In light of recent budget cuts by the House of Representatives of $577M to NASA’s FY2007 Moon-Mars program, and a growing bi-partisan consensus that we need to balance the federal budget, the Space Frontier Foundation believes that Dr. Griffin’s plans are ignoring current budgetary realities, as well as NASA’s historical performance on human spaceflight systems.
“We applaud the House Democratic leadership for being responsible stewards of taxpayer funds by applying the FY 2007 NASA budget cuts to the unaffordable aspects of Dr. Griffin’s Moon-Mars plans. The Democratic Party appears to understand that the taxpayers of this nation just aren’t interested in supporting what they see as business as usual at NASA. We are hoping that the Republicans join them soon,” said Werb. “This should be a wake-up call for Dr. Griffin that his plans, to pour billions of dollars into massive new launch systems that nobody else wants or needs, are going nowhere. It is time for the agency to re-think how it puts people and payloads into space. It is time for the agency to trust the power of free enterprise.”

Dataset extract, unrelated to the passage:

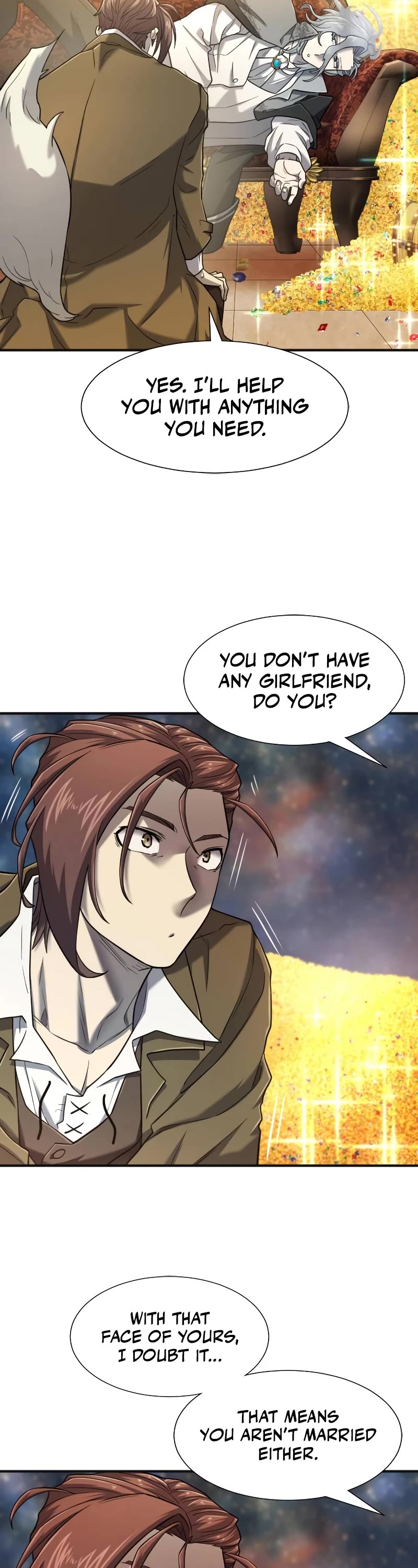 The Greatest Estate Developer Chapter 121 page 38 - Chapter 121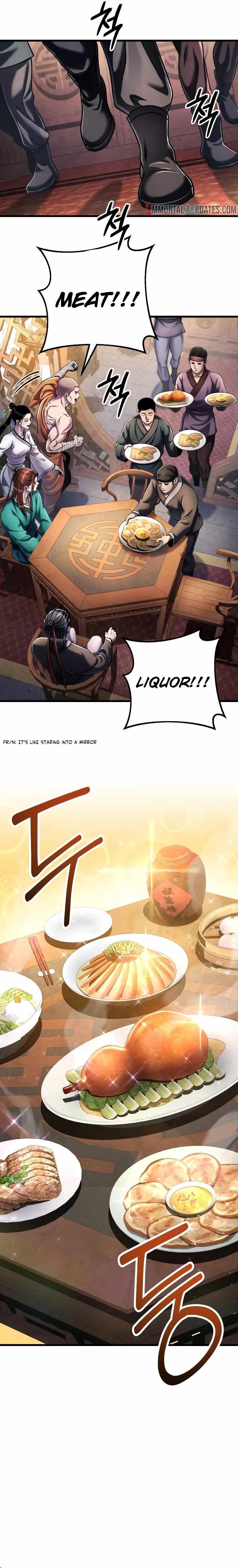 Ha Buk Paeng’s youngest son Chapter 125 - Page 24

The Foundation has long held that government designed and operated systems are wasteful, self-defeating dead-ends that will keep the cost of going into space so high that no long-term human exploration or settlement program will be possible. The Foundation believes that the CEV and its launcher are essentially repeats of the shuttle and space station programs, which have consumed hundreds of billions of dollars yet completely failed to meet their promised goals.
“NASA needs to stop competing with the private sector. Sending the CEV to the ISS is not only bad policy, undercutting private sector efforts to raise financing for the same purpose, but the rush to do so requires huge increases in federal funding for the CEV that is just not politically viable” said Rick Tumlinson of the Foundation. “We urge NASA to stick to its real job of exploring the far frontier, of supporting science and discovery, and hand over ISS transportation to American entrepreneurs.”
Tumlinson concluded “It is important for NASA to understand this is not a fight they are going to win, even if they restore some of the funding this year. The trend in Congress is going the other way towards balanced budgets, and a better return on investment to the American people. If America really wants to open space to the people, then we cannot dump hundreds of billions into government-based technologies. It simply will not work. We must try something new.”
The Foundation’s White Paper, Unaffordable and Unsustainable? Signs of Failure in NASA’s Earth-to-Orbit Space Transportation Strategy, is at: http://www.space-frontier.org/Presentations/unaffordable.html
About Space Frontier Foundation
The Space Frontier Foundation is an organization of people dedicated to opening the Space Frontier to human settlement as rapidly as possible. Our goals include protecting the Earth’s fragile biosphere and creating a freer and more prosperous life for each generation by using the unlimited energy and material resources of space. Our purpose is to unleash the power of free enterprise and lead a united humanity permanently into the Solar System.